First of all, I don't understand you.. I don't understand how anyone can just throw their child away like you have..
You don't even ask about me.. you don't even act like you care, like you think about me, like you even want to know how I'm doing... Do you know I'm on anti-depressants now? All that "Attention seeking " I was doing? That was real.
Did you know that now that I'm ablt to be myself, I feel like I'm free... I feel like it's okay for people to judge me... Because it's my opinion that matters.. Do you know that I feel more confident than I have in my whole life?

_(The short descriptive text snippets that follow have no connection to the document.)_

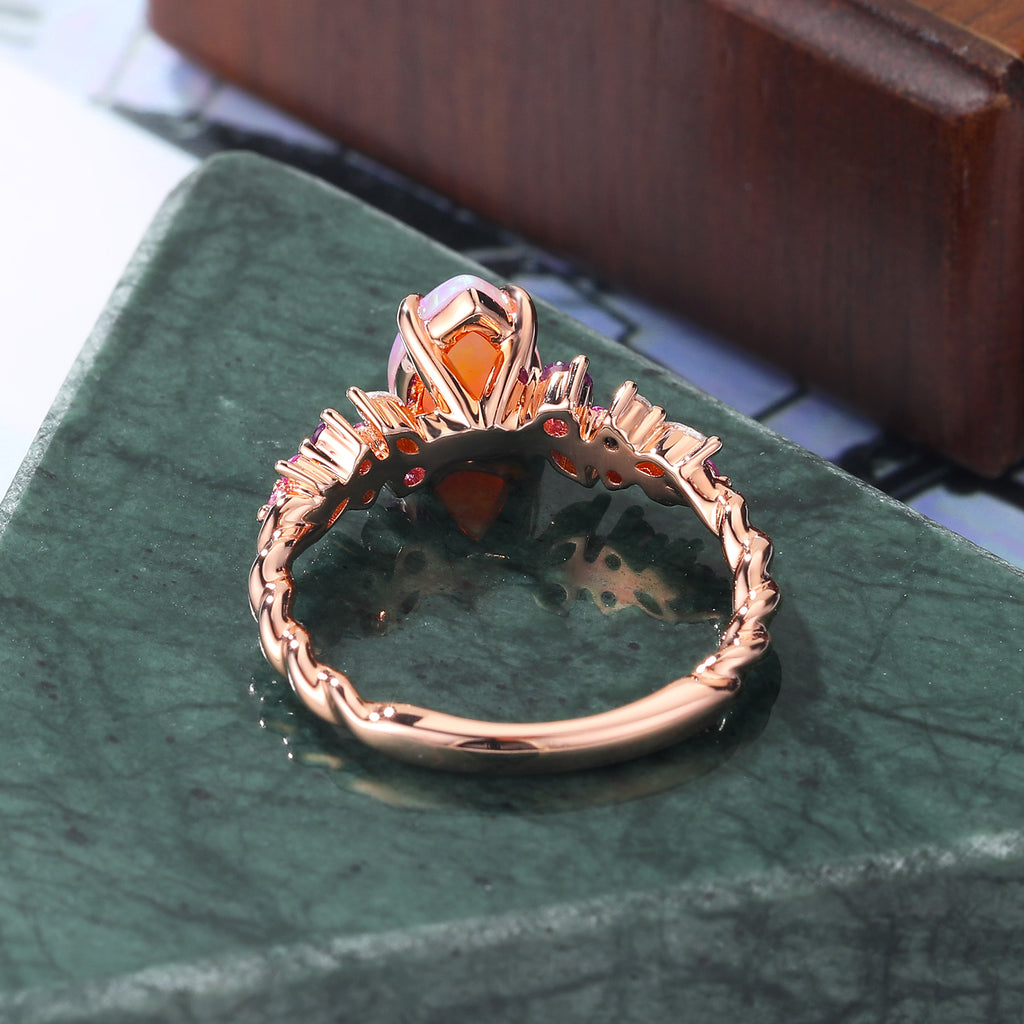 Pear shape Lab Pink Opal engagement ring S925/10k/14k/18k gold , unique Bridal ring rose/white/yellow gold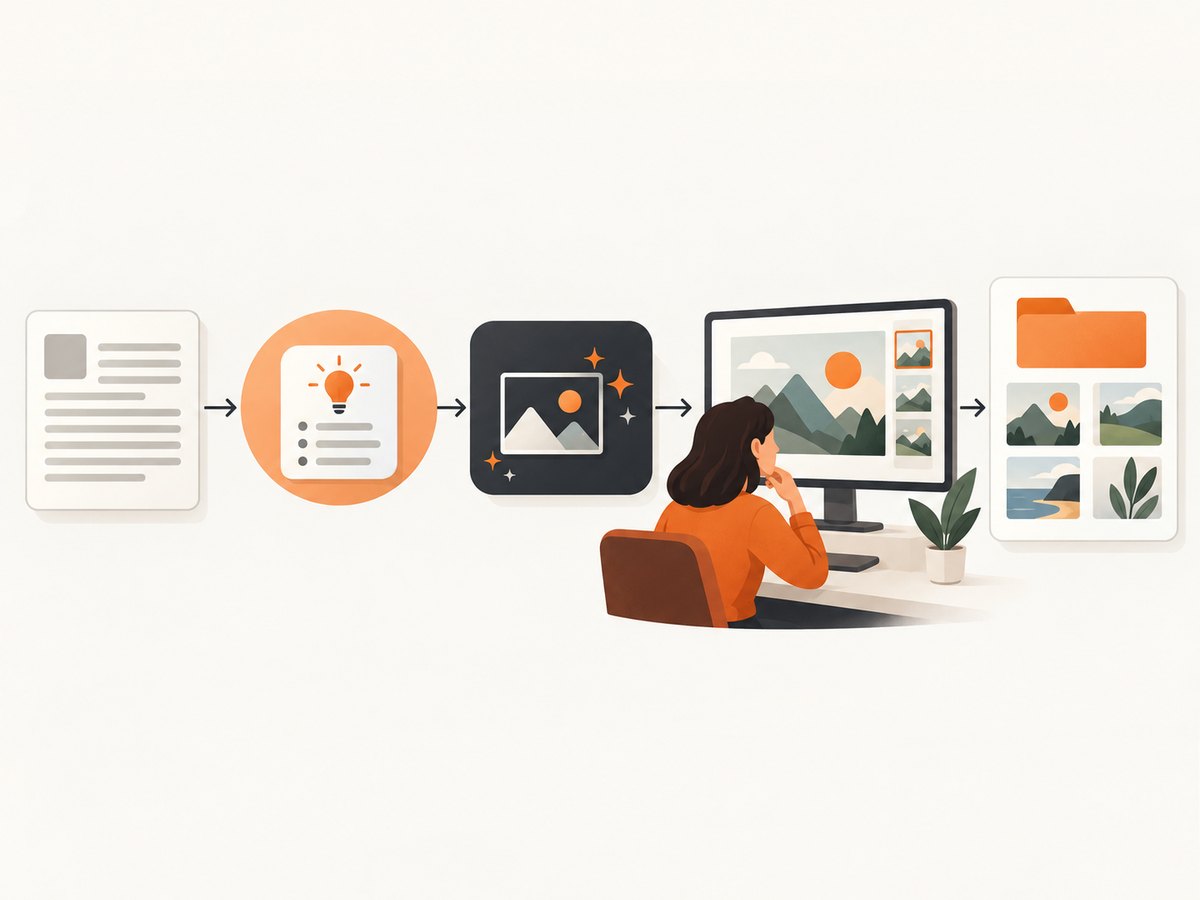 A reliable workflow separates image generation, editorial review, and CMS publication.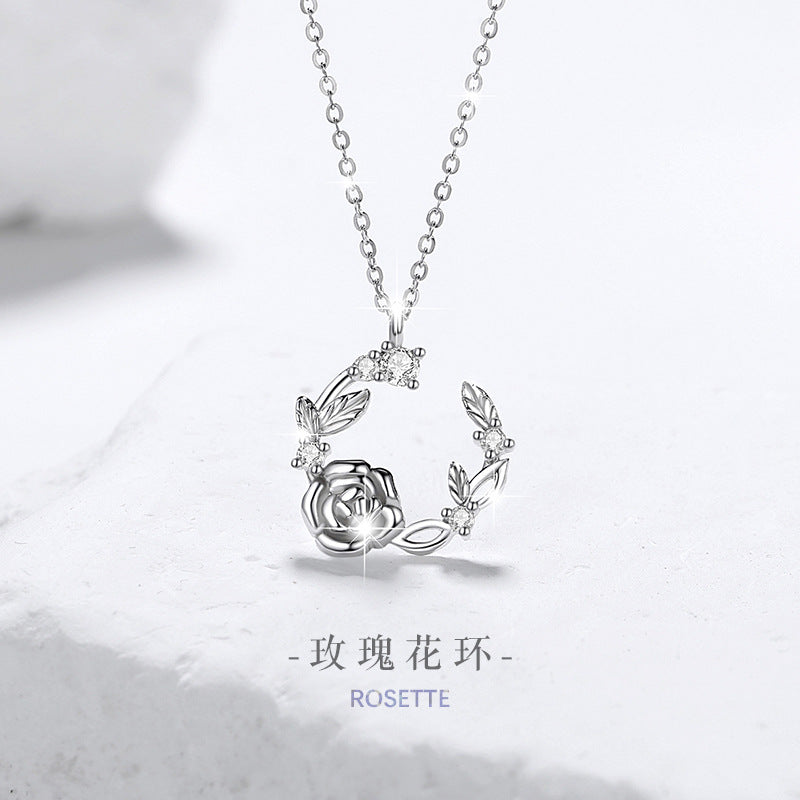 Rose Sterling Silver 925 Necklace for Women, Niche Design, Light Luxury Clavicle Chain, INS Style Garland Zircon Pendant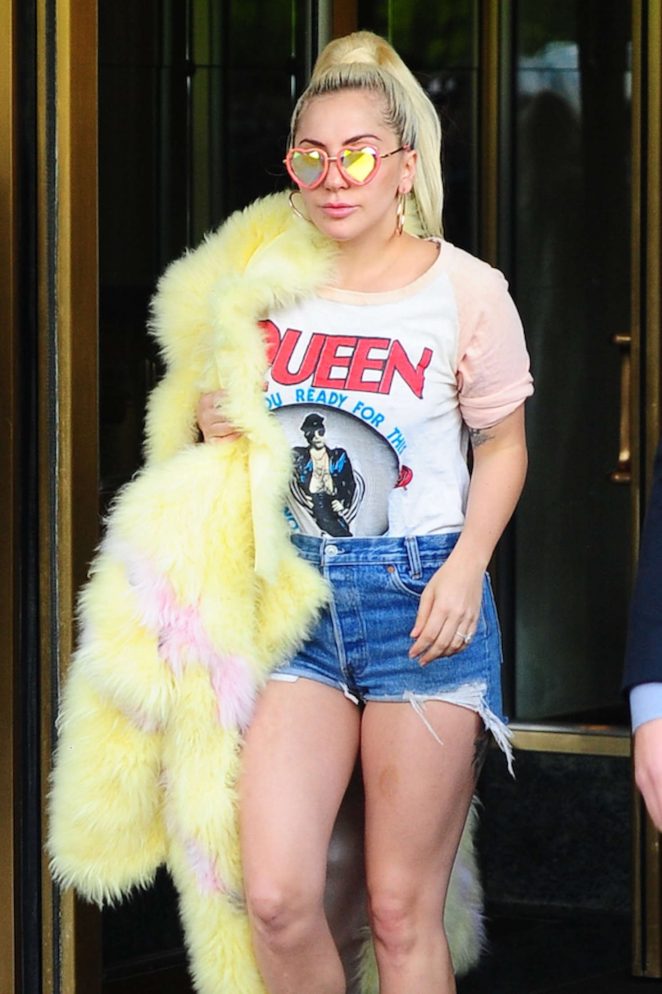 Lady Gaga in Denim Shorts in NYC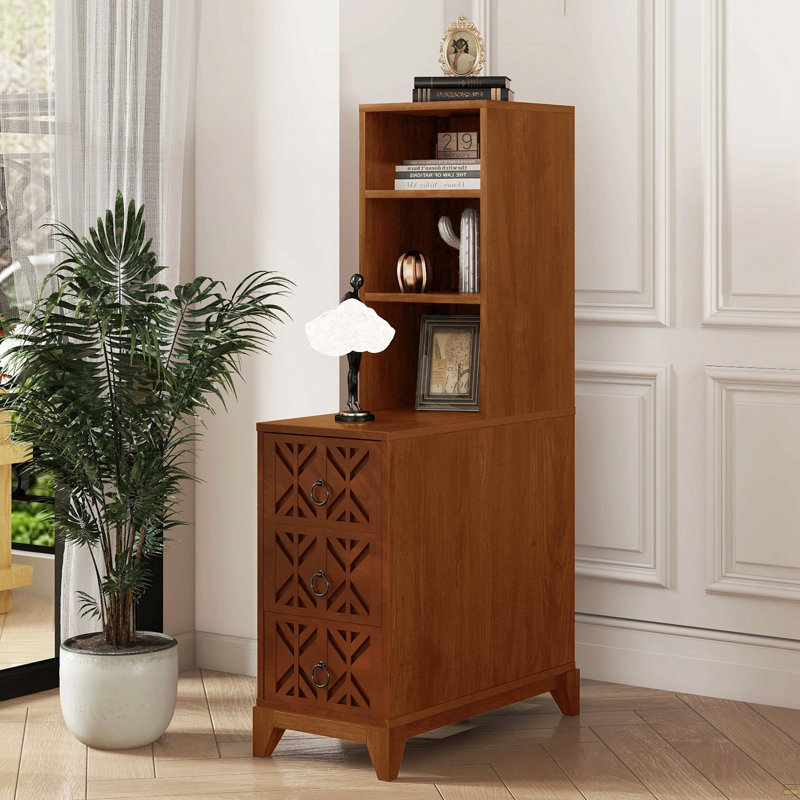 Table de bout avec 3 tiroirs, table de coin avec 2 tablettes ouvertes, table d'appoint haute, Naturel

Second, I hope you see what you're doing.. Cutting me off from the kids... They're going to grow up and have something against you for it.... You'll fight and say it was my fault.. but I've called and called and left messages and tried.. It's not my fault. Regardless of what you say.

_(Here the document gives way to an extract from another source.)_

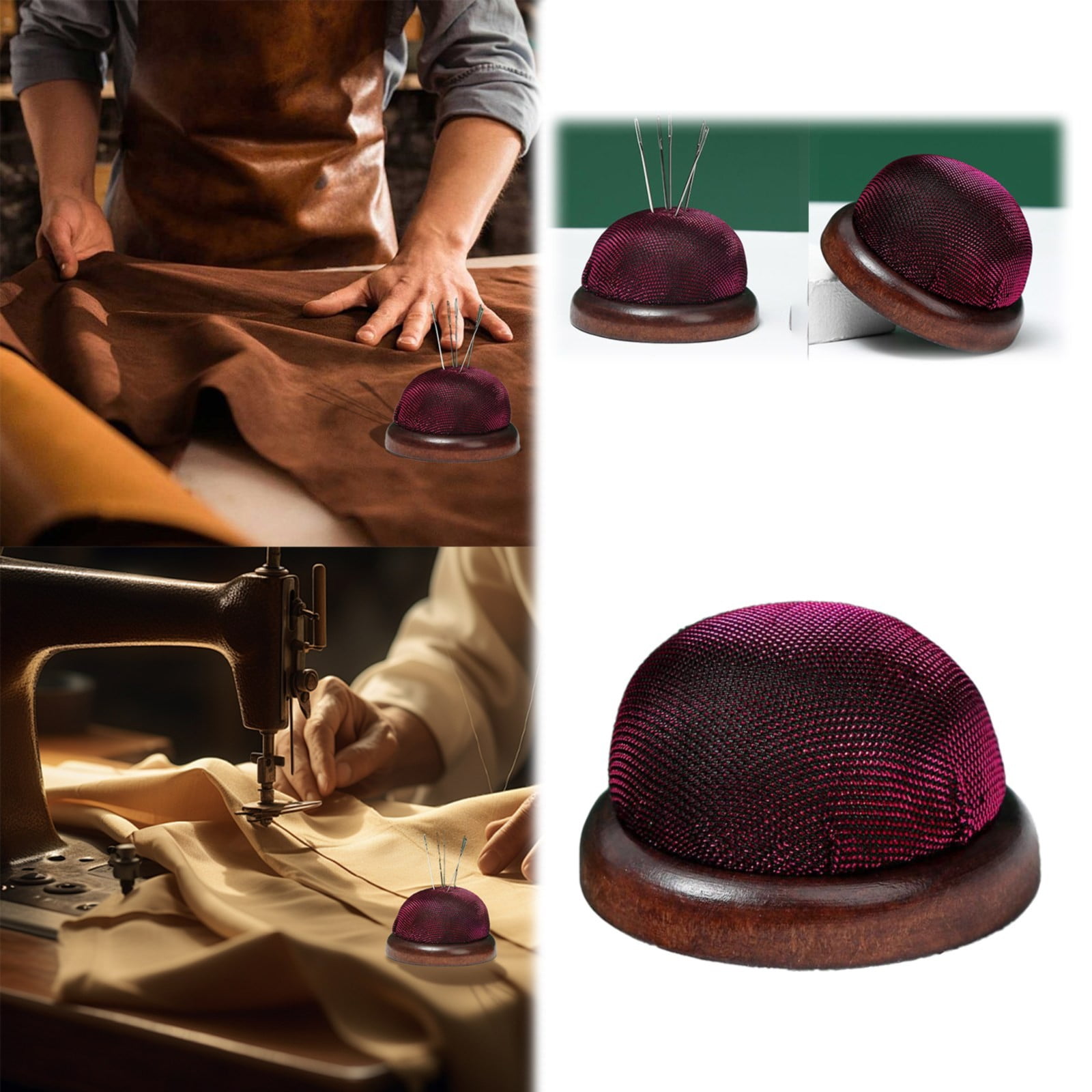 Smooth Round Pin Cushion! Eewia Needle and Thread Kit Clearance, Glossy Pin Cushion Wooden Base Needle Pincushion Round Pin Cushion for Sewing Needle Holder Or Diy Crafts, include 1*Pin Cushion Red - Image 2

Third.. Something else I don't understand... Many of your friends in high school were gay/bi/lesbian.. And you've even told me yourself that you were curious at one time (Not that I'm curious.. I know who I am)
But how can you be so upset with me? It's okay for them to be themselves but not me?
Fourth. I've tried.. I've tried to be what you wanted. I've tried to let you use me as a dressup doll. I've acted the way you wanted for people... I've tried to mend our relationship before.. I've tried to reach out to you in so many ways and you just pushed me down before I could even get up. I'm not saying I was always perfect, but I tried. When you realize you've lost your relationship with your first daughter... the only person you can blame is yourself. Because I tried..
And Last, i wish I could be one of those kids that posts about how much they'll always love their mom.. And how amazing their mom is.. And everything else.. It makes me sad whenever I see those posts because we don't have that relationship and never had... And we probably never will.